Both men and women over 50 should consume at least 1,200 mg. of calcium a day. Milk and its derivatives (cheese, cream, yogurt) are the best sources of calcium , like green leafy vegetables and sardines.

It is never too late to consume more calcium, although it is also necessary to consume enough vitamin D to be able to absorb it and perform at least 30 minutes of exercise daily.

The deficiency of iron It is a common problem as we get older and this usually causes anemia, whose symptoms are weakness, fatigue and deterioration of health. The vitamin C, contained in citrus fruits, helps our body to absorb iron from the foods that contain it. It is also an excellent antioxidant it contributes to delay the process of deterioration of the organism.

Experts recommend daily consumption of between 20 and 35 grams of fiber (for an adult) to improve the movement of the digestive tract, moderate changes in sugar and cholesterol in the blood that occur after meals and increase the elimination of carcinogenic substances produced by bacteria in the large intestine. It is found mainly in whole grains, some fruits and vegetables.

The vitamin A contained in green leafy vegetables and those yellow and orange, helps the eyes adapt to a dim light, protects our skin , as well as others tissues .

The folic acid participates in the formation of red blood cells and its lack can cause anemia . It contains green leafy vegetables, some fruits, beans and enriched grain products.

The vitamin B12 participates with folates in the preparation of Red blood cells; the absence of this causes anemia and in some cases it is related to neurological problems. Meat, fish, chicken, eggs and dairy products are a good source.

Zinc helps the body fight infections and to repair the tissues sick. Its main sources are: meat, seafood, grain products and milk.
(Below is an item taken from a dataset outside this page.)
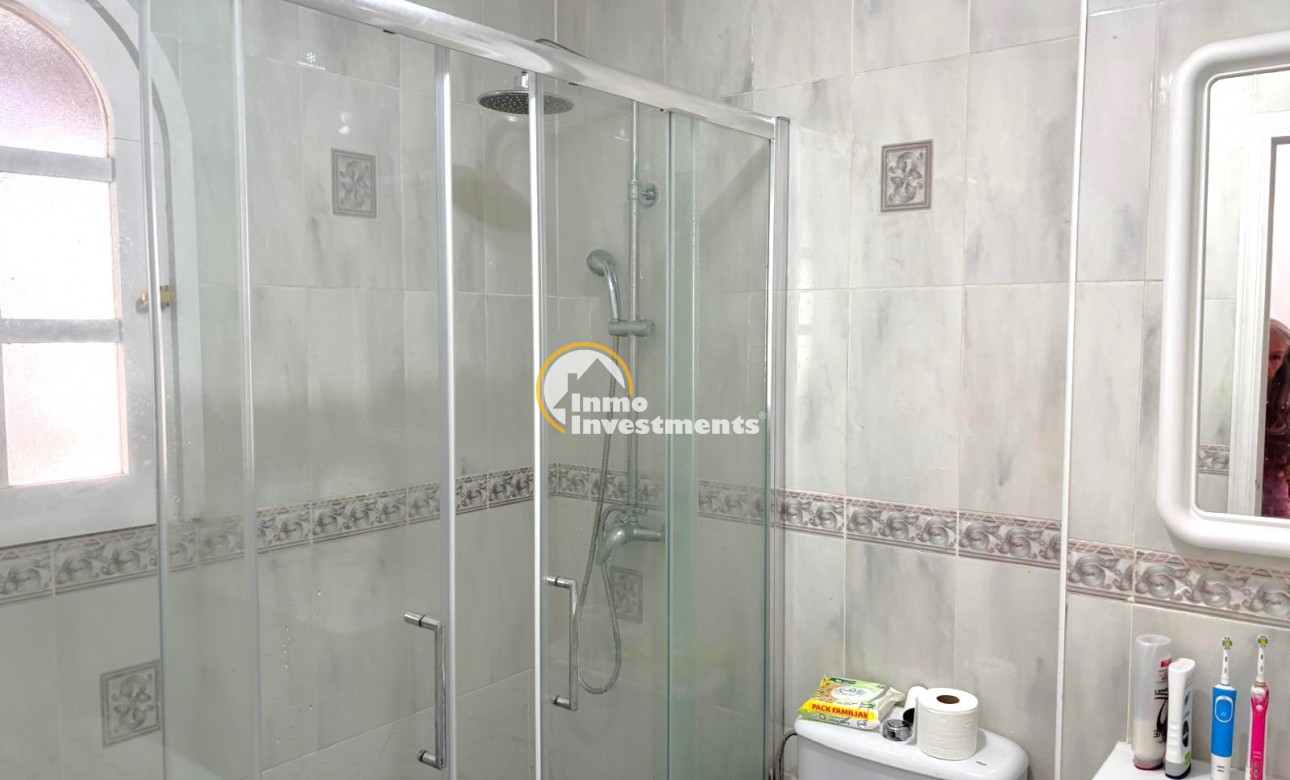 Resale - Penthouse - Torrevieja - Beach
Older adults need to drink plenty of fluids: 8 to 12 cups per day. Some foods provide liquids, but still it is necessary to take all kinds of drinks, juices, milk, soup, tea or coffee, which can also include other nutrients, without forgetting the best option that is pure water.

Each person is different, so it is advisable to consult with the doctor what their food requirements are for their particular case taking into account their age, health status and the activity they perform daily.